What Is Scalability?

shiflett on 2003-10-19T23:15:57

There is an interesting article on ONJava.com entitled The PHP Scalability Myth. The author describes scalability as follows:

There are a number of different aspects of scalability. It always starts with performance, which is what we will cover in this article. But it also covers issues such as code maintainability, fault tolerance, and the availability of programming staff.

Is this what scalability means? It's certainly not my definition. Do code maintainability, fault tolerance, and the availability of programming staff have something to do with scalability? They can if your definition of scalability takes human resources into account, which seems reasonable.

The definition I find on Dictionary.com describes scalability as:

How well a solution to some problem will work when the size of the problem increases.

This seems like a better definition. A textbook definition would be something to the effect of, "the ability to scale." This is probably a starting point that everyone can agree to. So why do some people argue that certain technologies (PHP, mod_perl, Java, etc.) don't scale? I have always assumed that these people define scalability as the ability for something to scale well and that they're using their own subjective opinions to define what scales well and what doesn't. This is where things go wrong. It also seems that more and more people use scalability as a measure of performance, when this is not the case either. Something that performs very poorly can still potentially scale very well. Scalability is a relative measurement.

Before I say more, I should describe what I think it means for something to scale well.
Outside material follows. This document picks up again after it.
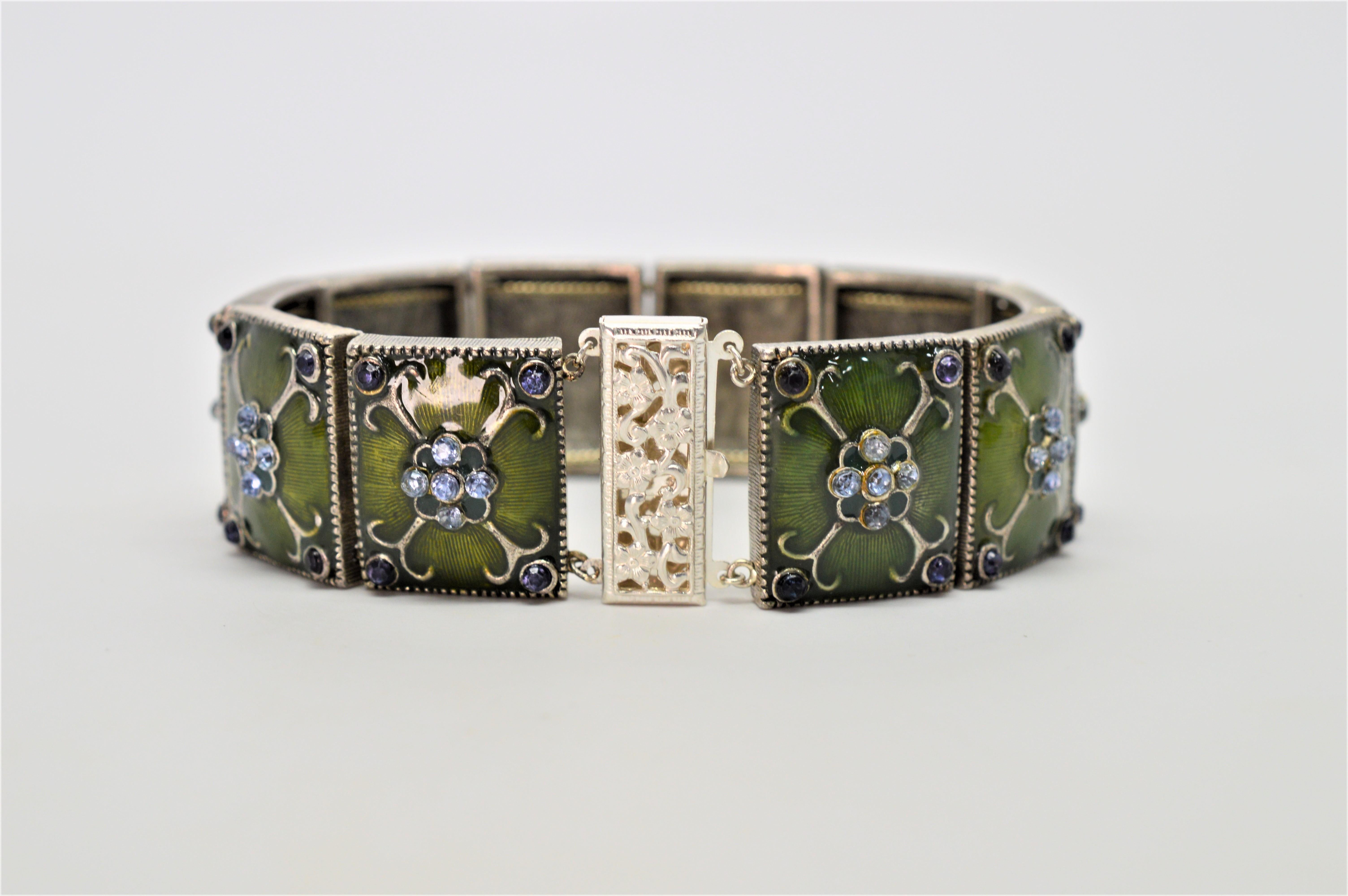 A distinct vintage piece, restored to its original vibrancy consisting of 10 moss green enamel base metal tiles linked to form this 7-1/2 inch bracelet.
Each tile link is artfully decorated with silver-tone scroll work accented with complimenting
Consider the following three figures:

http://shiflett.org/images/scalability_1.png
http://shiflett.org/images/scalability_2.png
http://shiflett.org/images/scalability_3.png

The first figure represents a case where the amount of required resources grows exponentially compared to the number of users. This is bad. In the second figure, the amount of required resources grows linearly. This is typical (the rate of growth can vary). In the third figure, the amount of required resources grows logarithmically. This is very nice. Of these three figures, my opinion is that both the second and third represent something that scales well. Because I am a Web developer, a growing number of users is typically when the "size of the problem increases" for me. The term "resources" refers to many things, but most people are concerned with cost. Things that cost money include hardware, software, human resources, and time.

Lastly, let's look at an example. Consider two hypothetical technologies, Technology A and Technology B:

Resources required to build an application that supports 100,000 users a day:
Technology A: 10 servers, 5 developers, and 6 months of development time
Technology B: 40 servers, 10 developers, and 3 months of development time

Resources required to build an application that supports 250,000 users a day:
Technology A: 25 servers, 5 developers, and 9 months of development time
Technology B: 50 servers, 10 developers, and 6 months of development

Which technology do you think scales better? Which appears to be the better choice when no more than 250,000 users a day need to be supported? Should things like maintainability and robustness be taken into consideration? How do you measure these things? If you are making decisions based on your assumptions about the scalability of certain technologies without asking these types of questions, you need to stop making such decisions.


scalability

gav on 2003-10-20T00:48:42

I'm sure my feelings about PHP are the same as a lot of PHP programmer's about Perl, you can probably build a decent web app in PHP but 95% of what I've seen is crap.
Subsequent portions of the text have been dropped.